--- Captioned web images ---
◆ ◆ ◆ ◆ ◆

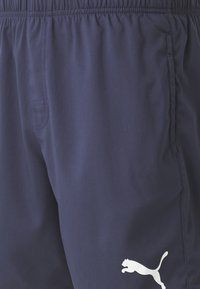 Shorts de sport bleu marine en tissu léger, dotés d'une taille élastique et d'un logo Puma blanc bien visible sur le bas.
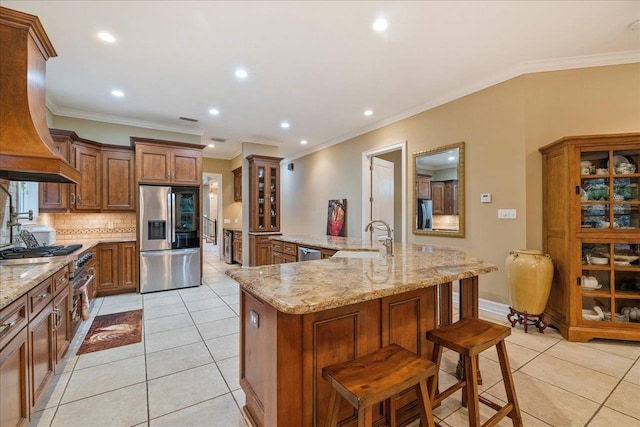 kitchen featuring sink, stainless steel appliances, a spacious island, a kitchen bar, and custom exhaust hood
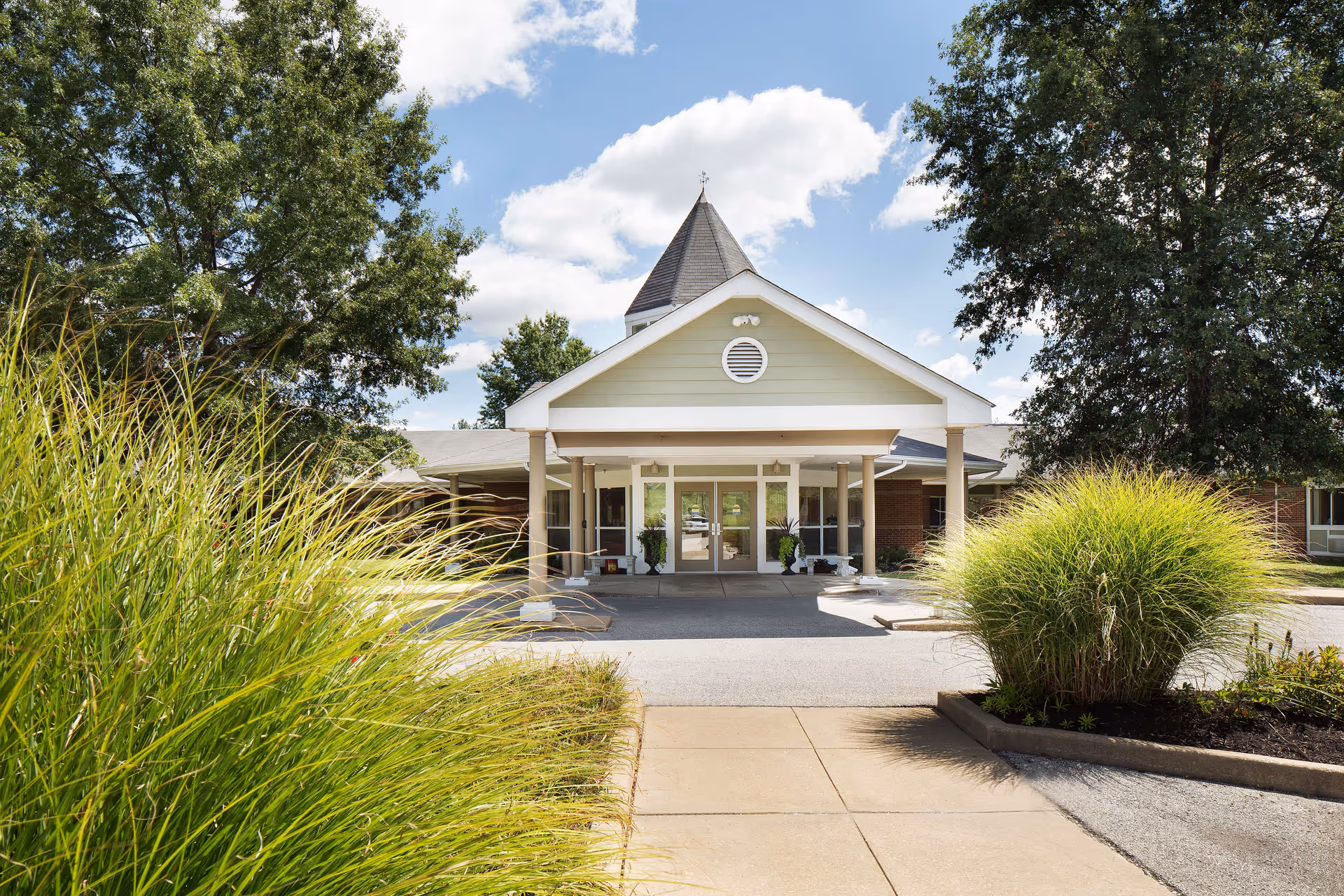 Front entrance of a single-story senior living facility with a covered porte-cochere, potted plants, and landscaped grasses.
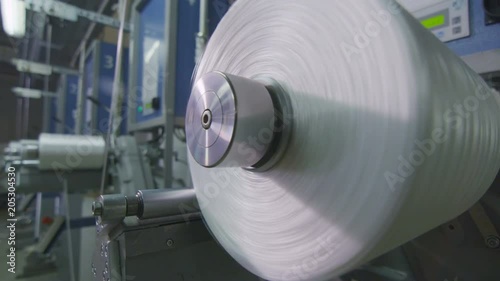 closeup glass threads wind on huge metal bobbin photo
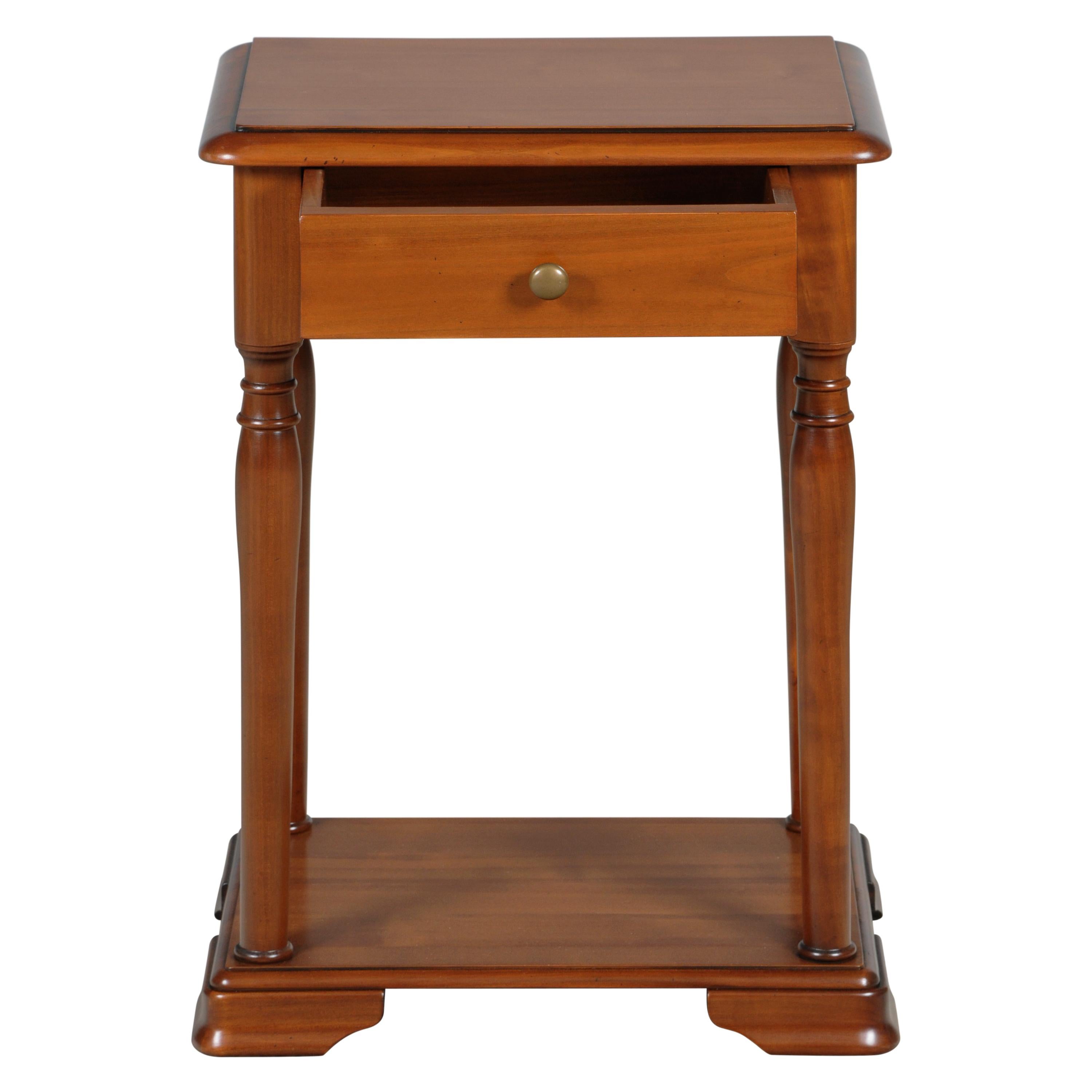 This bedside table is a handmade reproduction of the French Louis Philippe Style in the mid 19th century in France caracterized by its curved moldings, hand-curved feet and rounded design.

1 drawer is integrated n the front with an 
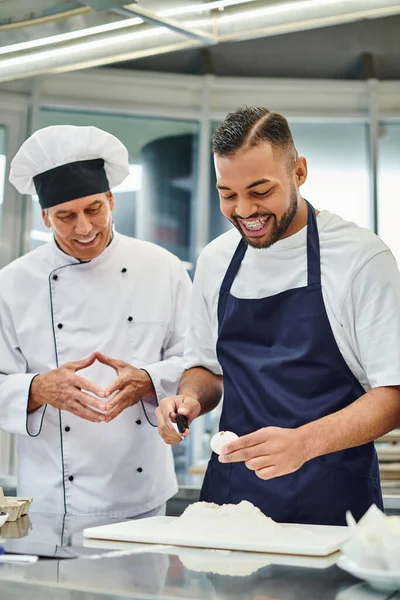 Jovem chef americano africano alegre em avental azul quebrando ovo ao lado de seu cozinheiro chefe alegre — Fotografia de Stock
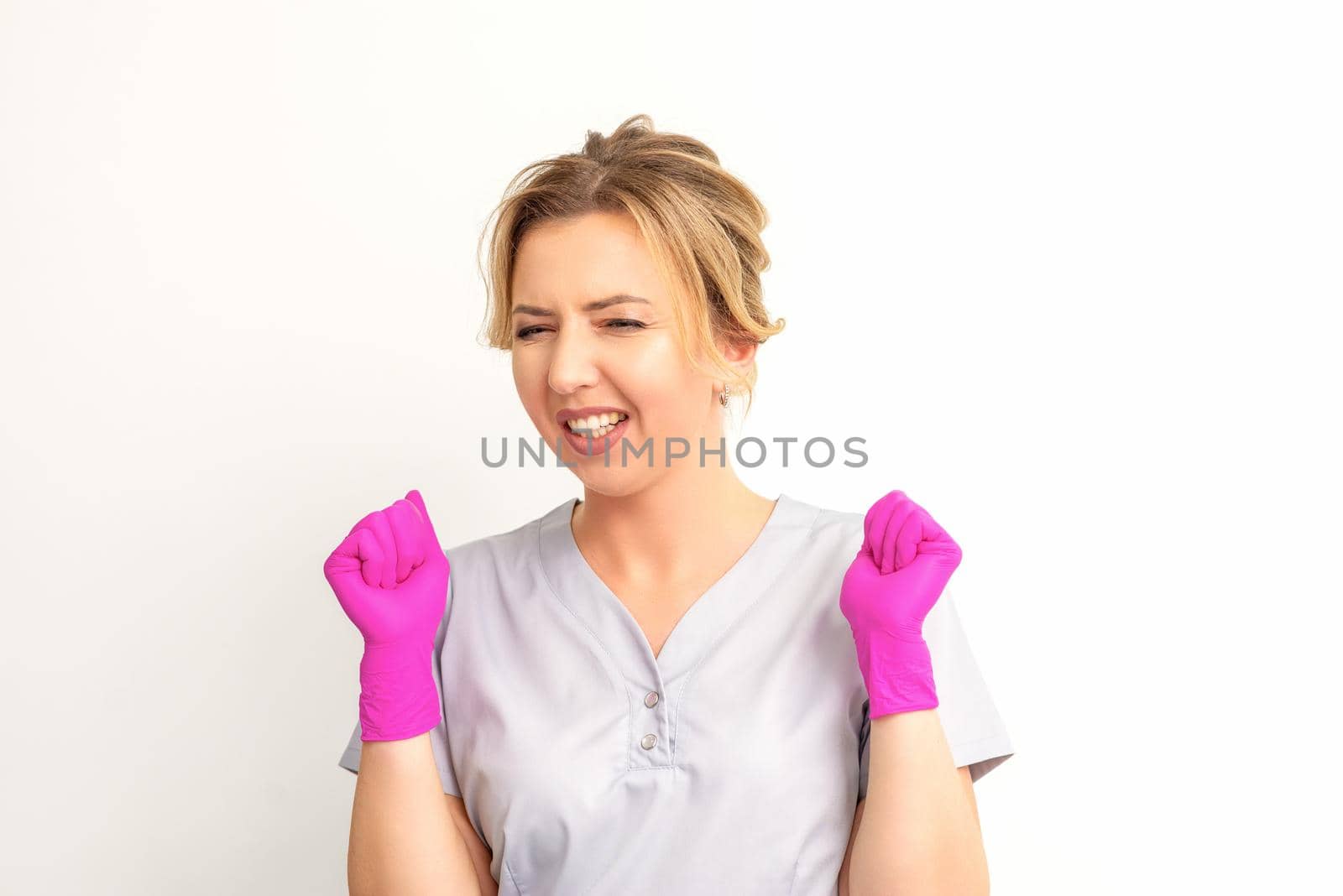 Happy caucasian woman doctor wearing pink gloves celebrates and raising fists on white background. by okskukuruza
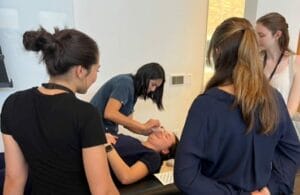 A person receives a medical procedure while lying on a table. Three individuals observe attentively. All are in a well-lit indoor setting.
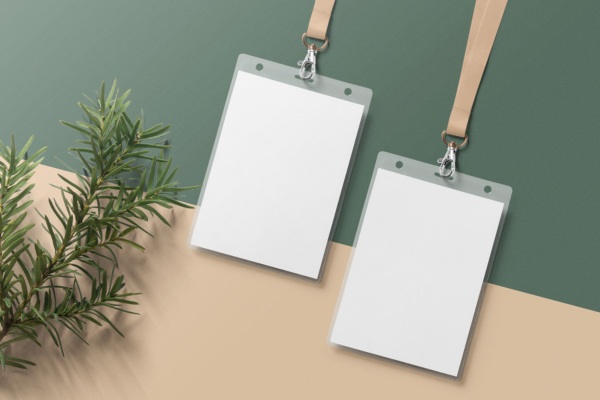 Two blank ID cards with beige lanyards on flat surface.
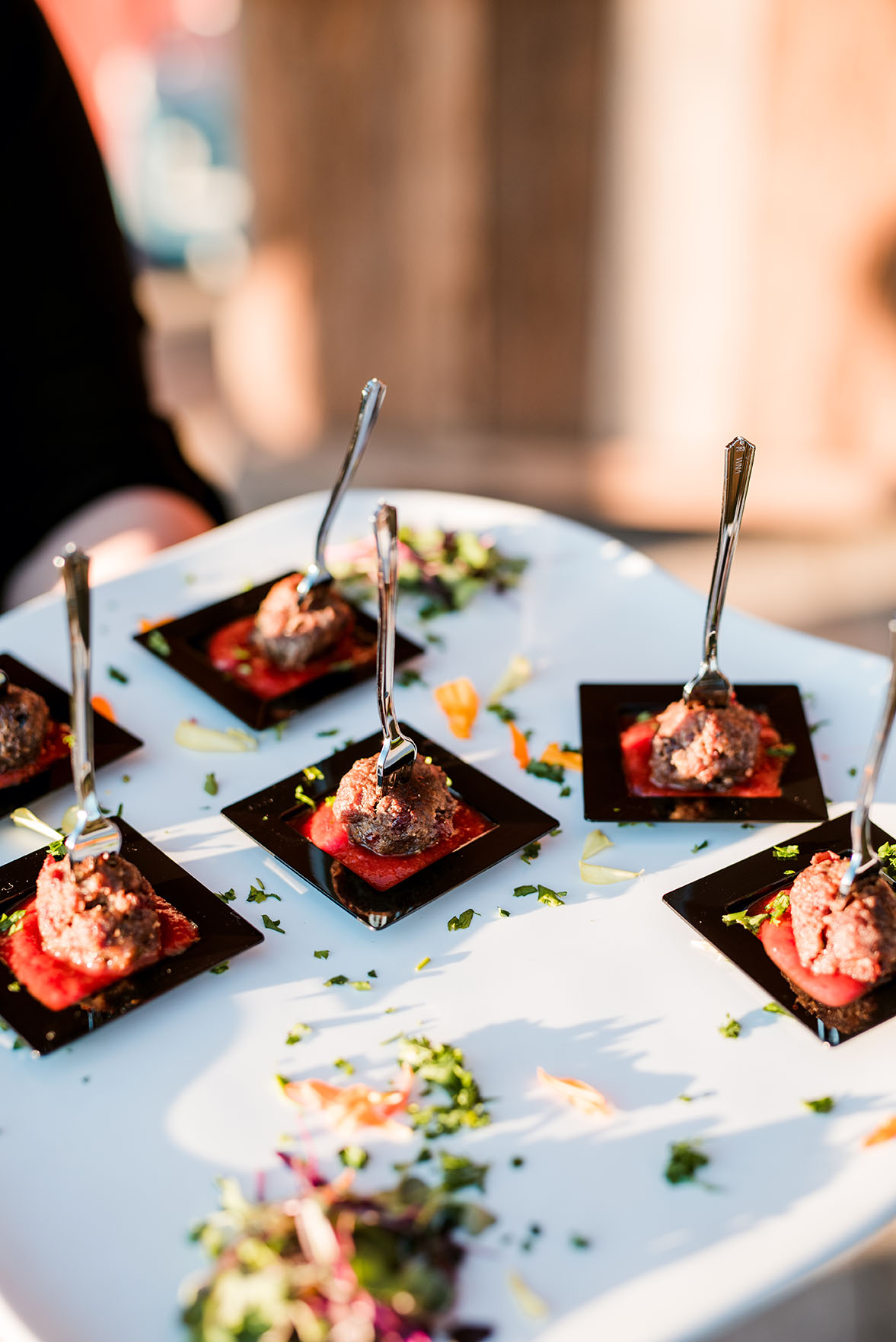 Server Holding Cranberry Meatballs For Cocktail Hour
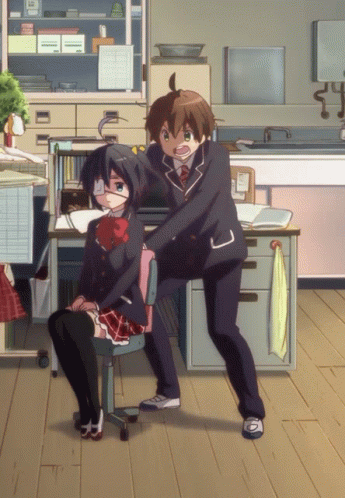 A Boy And A Girl Are Standing Next To Each Other In A Room With A Towel Hanging On The Wall GIF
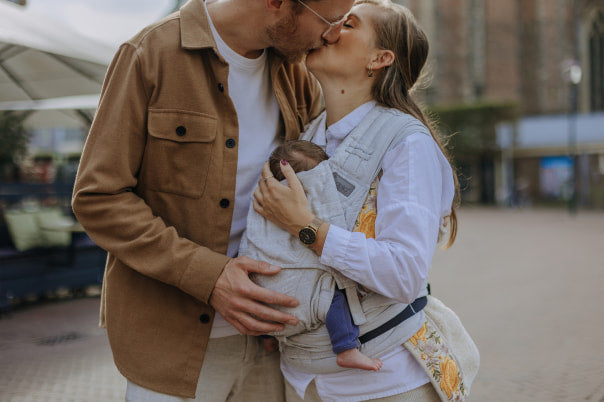 Two parents are kissing each other. The mother is carrying her baby in a FlyClick cubic lines pale grey.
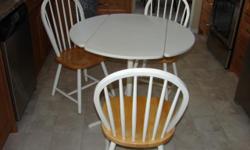 White 36" round table, Formica top, pedestal, two drop down leaves. Three matching chairs. See picture.
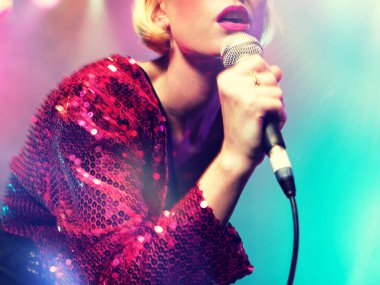 Genç kadın mikrofonla şarkı söylüyor.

◆ ◆ ◆ ◆ ◆

--- WHAT THE EXERCISE ASKS ---
Taking the records above, print only and exactly the lines from the line with "1 drawer is integrated n the front with an" to the line with "A Boy And A", both kept, and exclude pictures.

--- PROBLEM SOLUTION ---
1 drawer is integrated n the front with an 
 Jovem chef americano africano alegre em avental azul quebrando ovo ao lado de seu cozinheiro chefe alegre — Fotografia de Stock
 Happy caucasian woman doctor wearing pink gloves celebrates and raising fists on white background. by okskukuruza
 A person receives a medical procedure while lying on a table. Three individuals observe attentively. All are in a well-lit indoor setting.
 Two blank ID cards with beige lanyards on flat surface.
 Server Holding Cranberry Meatballs For Cocktail Hour
 A Boy And A Girl Are Standing Next To Each Other In A Room With A Towel Hanging On The Wall GIF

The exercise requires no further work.